L’incompatibilità è un divieto di esercizio di impresa commerciale posto a carico di coloro che esercitano determinati uffici o professioni. La violazione di ciò espone solo a sanzioni amministrative e ad un aggravamento delle sanzioni penali per bancarotta in caso di fallimento.
L’inabilitazione temporanea all’esercizio di un’attività commerciale non impedisce l’acquisto o il riacquisto della qualità d’imprenditore commerciale.

È possibile l’esercizio di attività d’impresa per conto e nell’interesse di un incapace o da parte di soggetti limitatamente capaci di agire con l’osservanza delle disposizioni. Mentre per l’attività agricola valgono le norme di diritto comune, per l’attività commerciale si osservano gli art. 320, 371, 397, 424 e 425 c.c..
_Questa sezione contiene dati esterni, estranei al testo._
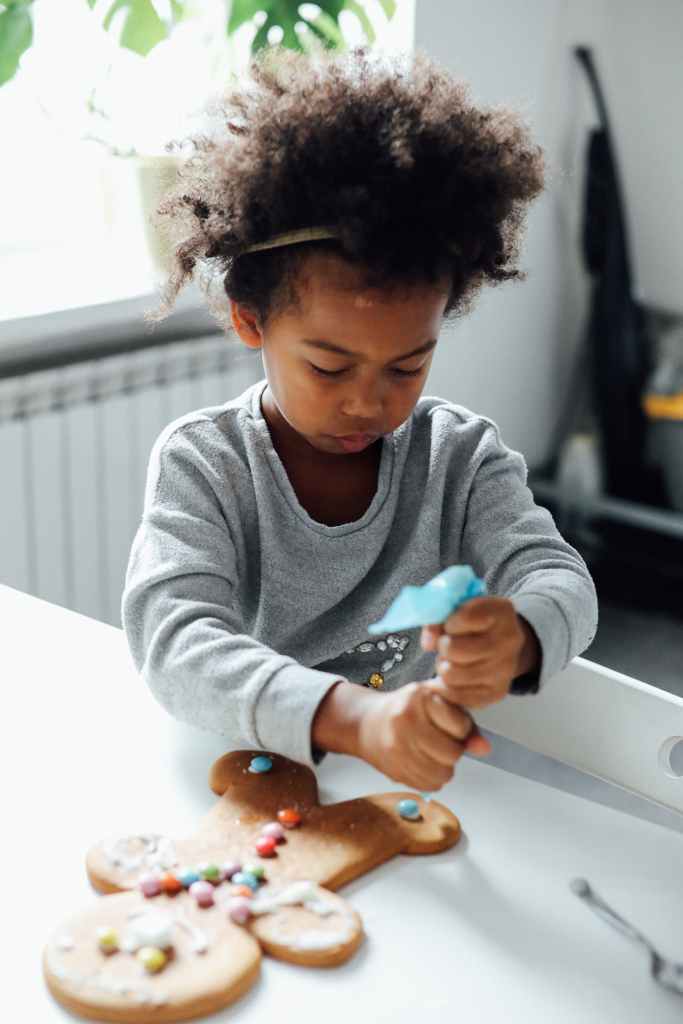 I'm Decorating My Christmas Cookie By Myself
Il rappresentante legale dell’incapace è legittimato a compiere solo gli atti di ordinaria amministrazione mentre può compiere quello di straordinaria amministrazione solo in caso di necessità o di utilità evidente.
Il legislatore pone un divieto assoluto di inizio di impresa commerciale per i minori e gli interdetti. È consentita solo la continuazione dell’esercizio di una impresa commerciale preesistente quando ciò sia utile per l’incapace e sia autorizzata dal tribunale (ciò amplia i poteri del rappresentante legale). I genitori o il tutore sono legittimati a compiere tutti gli atti che rientrano nell’esercizio dell’impresa.
L’inabilitato può compiere solo gli atti di ordinaria amministrazione ma la sua posizione è parificata agli incapaci assoluti.
Solo il minore emancipato (minore che è ammesso dal tribunale a contrarre matrimonio prima del compimento del 18° anno) può essere autorizzato dal tribunale anche ad iniziare una nuova impresa commerciale, acquisendo la pena capacità di agire e esercitando l’impresa anche senza l’assistenza di un curatore, e può compiere da solo gli atti di straordinaria amministrazione. L’autorizzazione è soggetta ad iscrizione nel registro delle imprese come la sua revoca.
Anche il minore è assoggettato al fallimento ma è possibile evitare che le sanzioni penali colpiscano il minore fallito e ricadano anche sul rappresentante legale.